Un accord effectif sur ces questions, outre la valeur importante qu’elles revêtent en soi, ne pourra que contribuer aux accords généraux entre les Etats en matière de développement humain intégral, de responsabilité de protéger, de paix, de désarmement et de respect du droit international.

Conclusion

Monsieur le président, la perception des limites de la Charte des Nations unies, face à de nouvelles situations de crise ou, malheureusement, les signes du manque d’observation de ses prescriptions, ne signifie pas proclamer ou déplorer l’échec de l’Organisation. Ces limites sont plutôt les ombres inévitables du grand cadre du premier projet mondial pour la paix et la coopération internationale qui dure avec bonheur depuis soixante-dix ans, ainsi qu’un encouragement au plein respect du droit en vigueur et à un accroissement de la confiance et de la coopération. Le Saint-Siège exprime donc l’espoir que ce soixante-dixième anniversaire, marqué par l’adoption solennelle de l’Agenda 2030, soit le début d’une coopération harmonieuse et approfondie au bénéfice de toute l’humanité.

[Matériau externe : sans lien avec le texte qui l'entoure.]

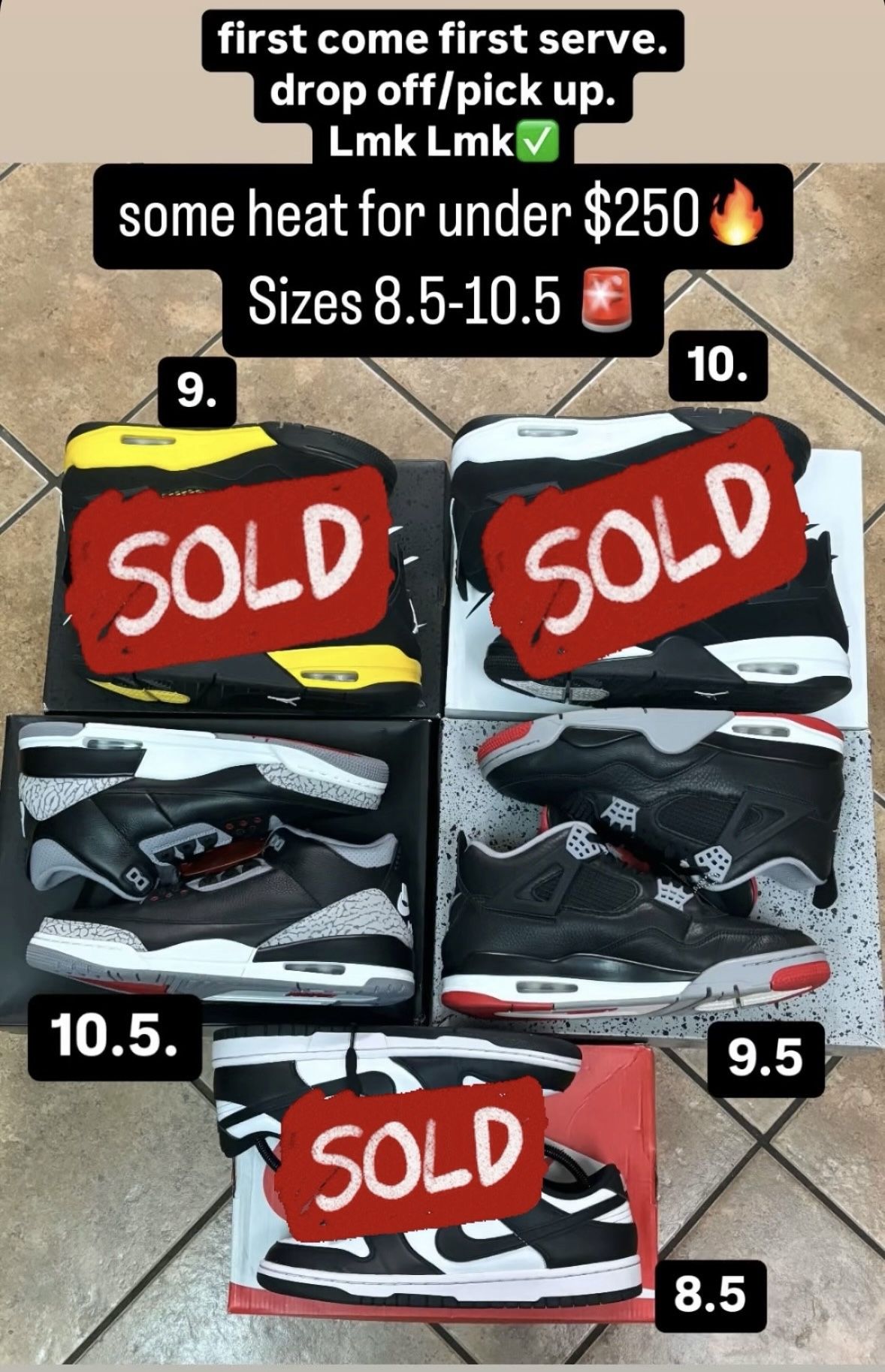 Jordan 4 bred reimagined size 9.5. VNDS.  Jordan 3 black cement size 10.5. BRAND NEW. OG ALL. DROP OFF / PICK UP. OFF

Comme l’ont affirmé au cours de leurs visites les Papes Benoît XVI, en 2008, et Paul VI, il y a cinquante ans pour le vingtième anniversaire de l’Organisation, les Nations unies sont appelées à «être toujours davantage un signe d’unité entre les Etats et un instrument au service de toute la famille humaine» (Benoît XVI, Discours à l’assemblée générale des Nations unies, 18 avril 2008); et représentent par conséquent «le chemin obligé de la civilisation moderne et de la paix mondiale» (Paul IV, Discours à l’assemblée générale des Nations unies, 4 octobre 1965). Les Nations unies doivent donc devenir le lieu de rencontre et de développement d’une véritable famille des nations et des peuples, dans lequel tout type de guerre et d’intervention unilatérale soient à jamais interdites, non seulement en paroles, mais surtout dans l’esprit et dans les intentions de tous les gouvernants. Merci, Monsieur le président.